HOUSTON — The Catholic Church is interested in creating an inclusive and welcoming community so that all may be one in Christ. For the past 40 years, St. Dominic’s Deaf Center in the Archdiocese of Galveston-Houston has focused on spreading God’s message and love by remaining “culturally deaf,” where languages, customs and traditions that are appropriate for the deaf and hard of hearing community are included in all celebrations.

“Our ministry provides an access for the deaf and hard of hearing that would not be possible at a regular parish,” said Father Len Broniak, C.Ss.R. “By remaining ‘culturally deaf’ at St. Dominic’s, the individual can have a feeling of self-worth and independence through participation. Family members also are able to see the deaf individual as his or her own person, not as a problem to be solved.”

Father Broniak said the mission of St. Dominic’s is to give every deaf and hard of hearing person the opportunity to fully practice their faith. He said it can happen at the center or the individual’s home parish. The ministry has a wide scope, but a singular purpose — to help improve their faith life. 

Father Broniak said St. Dominic’s, which is one of 60 ministries in the Archdiocese supported by the Diocesan Services Fund (DSF), provides a variety of programs, processes and services. This includes catechism for deaf children offered in sign language, a fully functioning liturgy team where everything is done in sign language with a voice interpreter for hearing members, and a governing council to help plan activities for the community. The ministry also offers baptism and marriage preparation for deaf adults, and can provide, upon request, interpreters for home parish events, such as funerals, weddings, baptisms, first communions and confirmations, etc.

Deacon William Koch, who was ordained in 1981 as the first deacon who was deaf in the Archdiocese of Galveston-Houston, has benefited from participating in programs at St. Dominic’s, and through volunteer work for 33 years. He also has two sons that also have benefited; one son, who is hard of hearing, and his younger son who is deaf.

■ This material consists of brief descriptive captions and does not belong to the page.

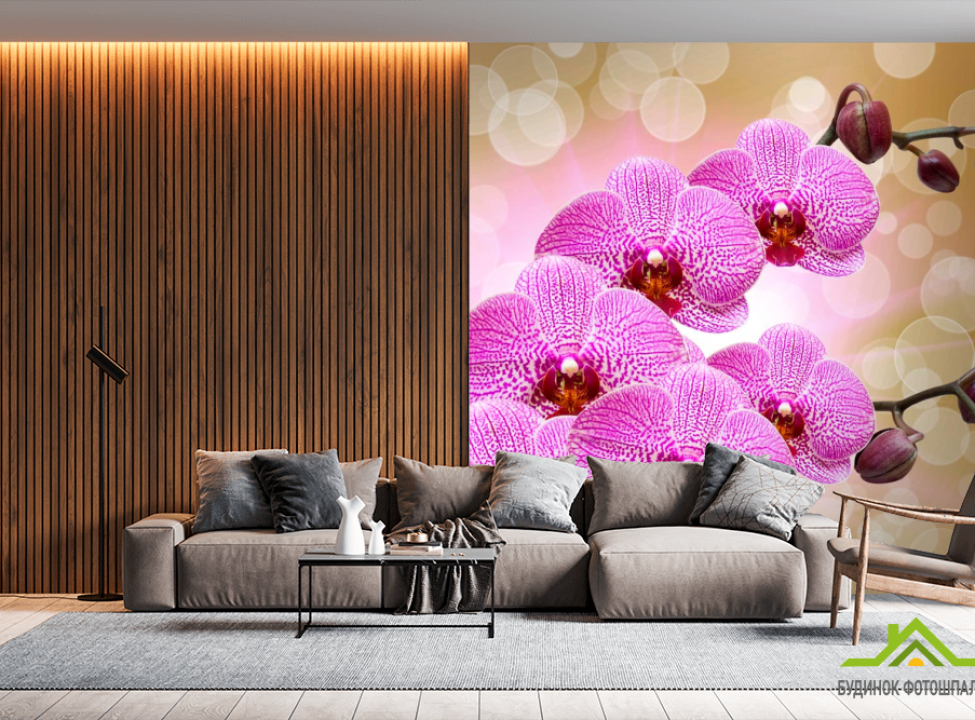выбрать Фотообои Ярко-розовые орхидеи Фотообои Орхидеи на стену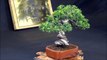 Bonsai -Chiltern Bonsai Society Annual Show - The Show Trees Part 2 by mikbonsai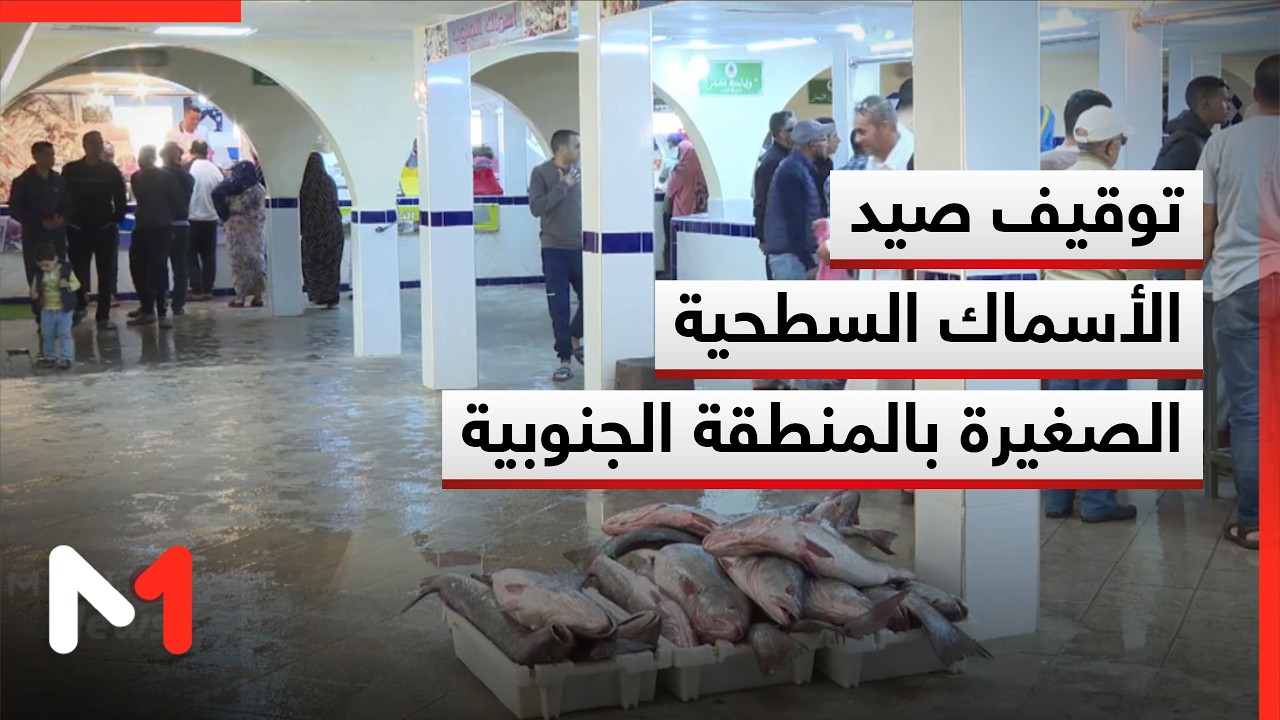توقيف صيد الأسماك السطحية الصغيرة بالمنطقة الجنوبية وانتعاش ملحوظ بأسواق السمك في العيون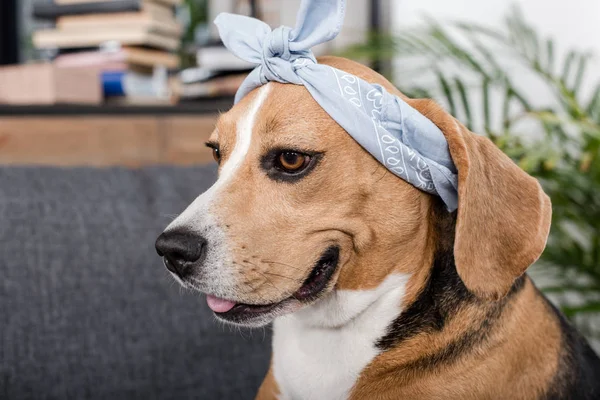 Anjing beagle di bandana — Stok Foto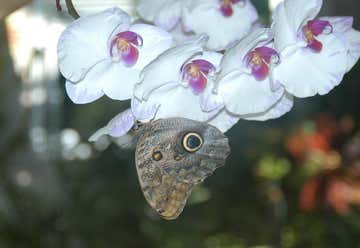 Photo of The Butterfly House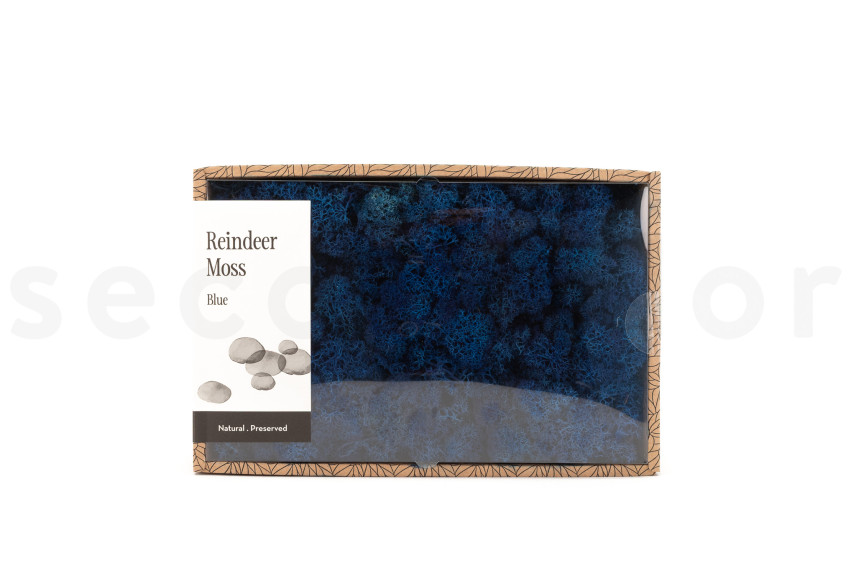 Preserved Reindeer Moss - Creabox M - Royal Blue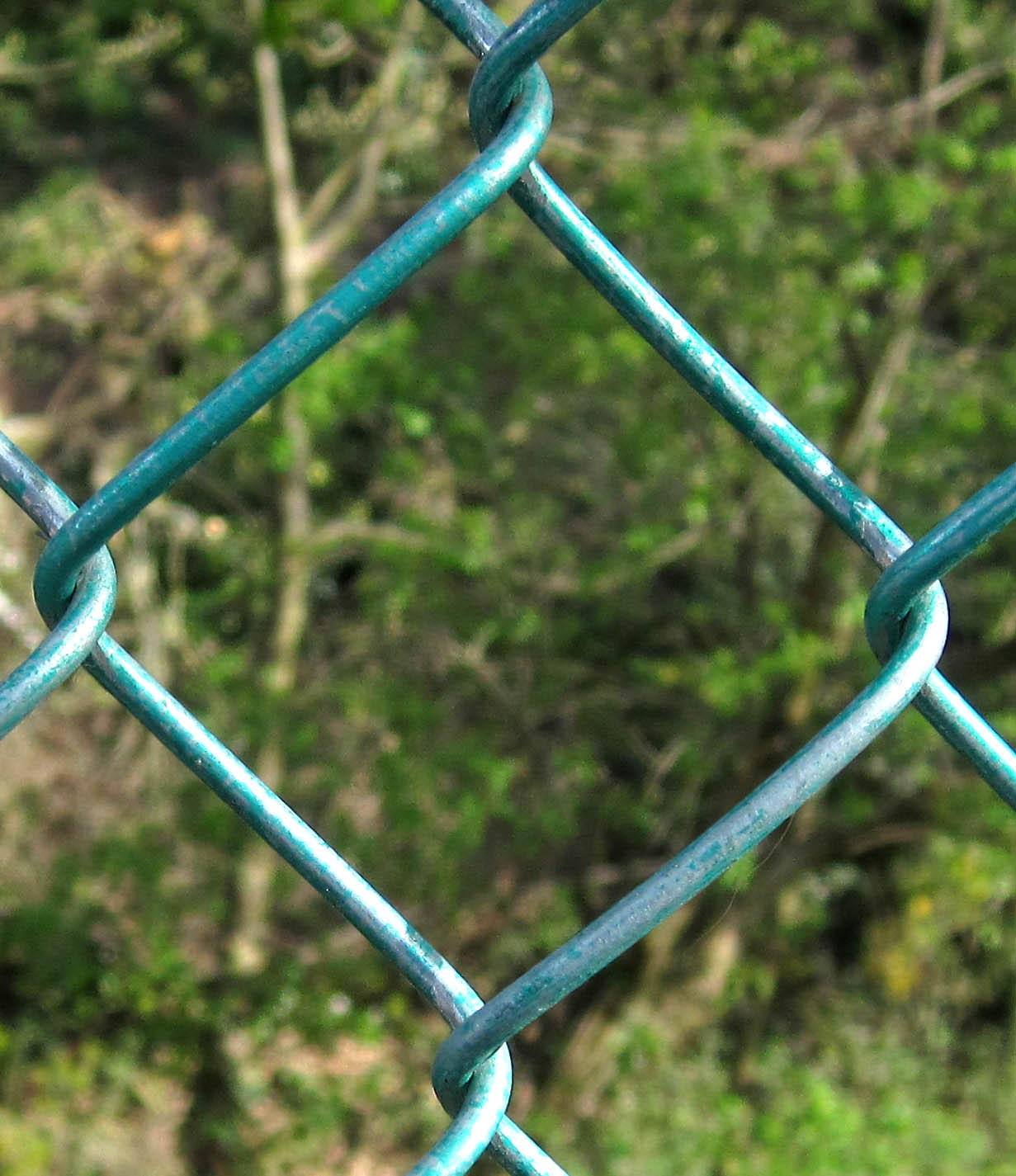 Mesh Fence Minutiae Naturally
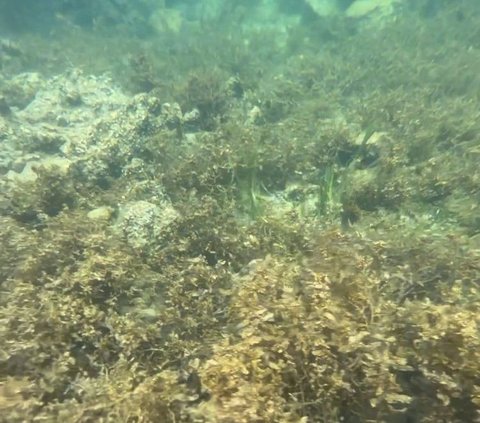 Keseruan saat Berkunjung ke CYC Beach Filipina, Bikin Betah Gak Mau Pulang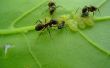 How to Get Rid van mieren zonder gebruik te maken van een Pesticide
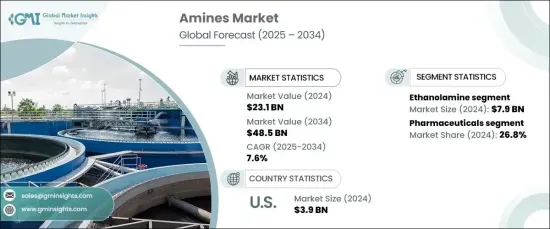 Amines Market - IMG1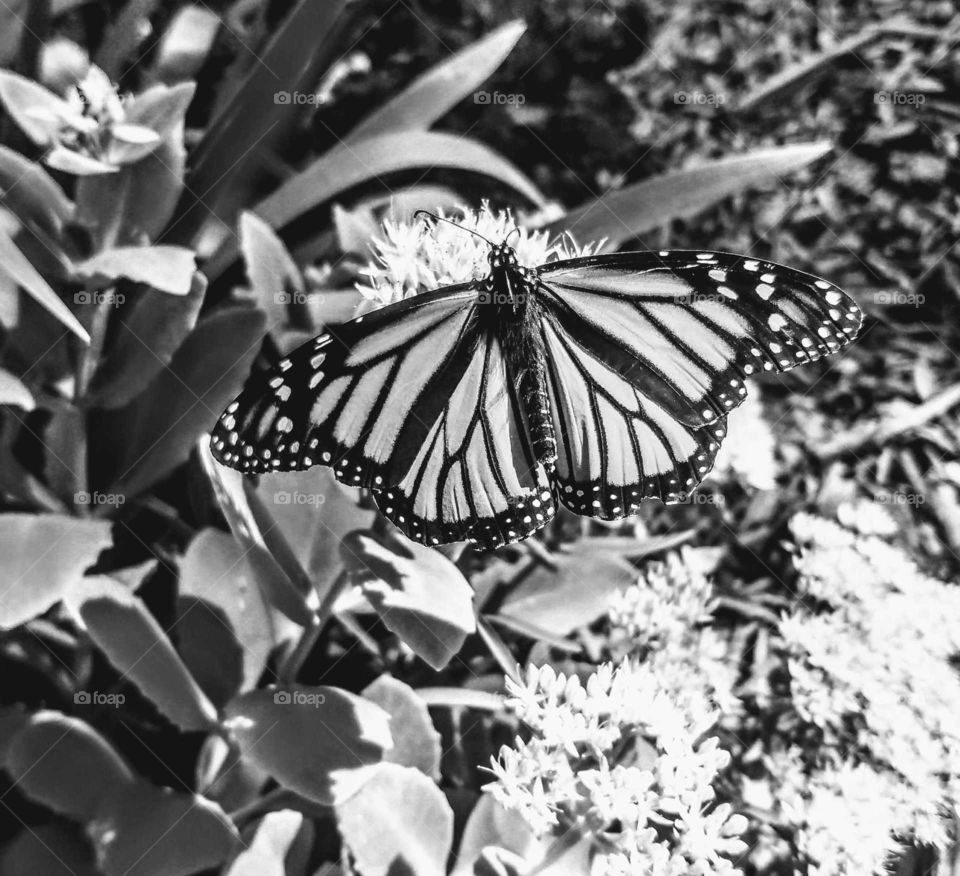 Black and white  Monarch Butterfly collectingwings opened in the sunshine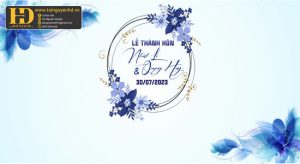 Vector Phông Nền Đám Cưới  16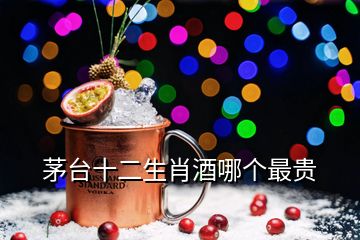 茅臺(tái)十二生肖酒哪個(gè)最貴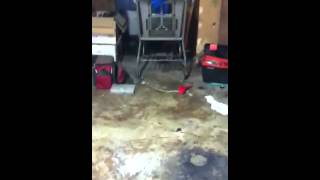 Plastic bottle BOTTLE ROCKET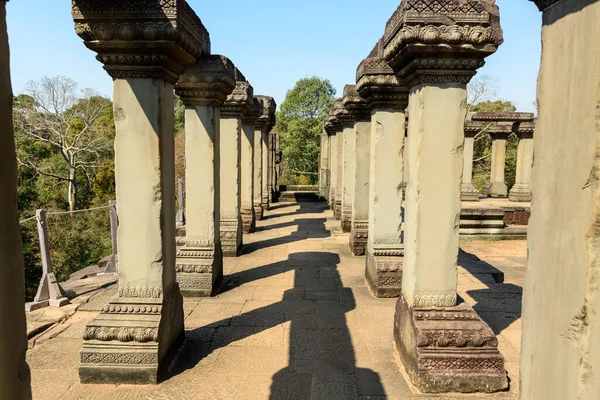 Karmaşık bir şekilde oyulmuş kumtaşı sütunları Angkor, Kamboçya 'daki Baphuon tapınağında yükseltilmiş bir teras boyunca uzun gölgeler bırakır. Parlak güneş ışığı geometrik çizgileri ve dokulu yüzeyleri vurgular, tropikal yeşillik kadim çağların ötesinde görünür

Deacon Koch said he faced challenges as a young adult in the 1960s before St. Dominic’s came into existence. There were limited services offered to the deaf and hard of hearing community at the time, and because he didn’t know sign language well then, he believes this helped prevent him from entering the seminary to become a priest.

“In my early twenties, the priest I met with said I could not communicate well enough with the hearing people to give homilies, baptisms, marriages and funerals at church, so I wasn’t able to enter the seminary,” Deacon Koch said. “A few years later, I learned sign language through friends, and when a priest came to Houston and started a church for the deaf, I became interested and involved with the deaf community at that time.”

In the late 1970s, once Deacon Koch learned he could enter the Permanent Diaconate Program, with the help of two dedicated interpreters at his side, he attended St. Mary’s Seminary for three years, and was ordained in 1981 as the first deaf deacon.

In addition to the faith formation classes at St. Dominic’s, Koch believes the main programs that have positively impacted his children was the sign language offered during Mass so they could hear the word of God, as well as having them involved in liturgical celebrations at Christmas, Lent and Easter. He also has found the RCIA program and explanations about the Sacrament of Baptism, Matrimony and funerals that are taught in sign language to be invaluable to those who seek those services.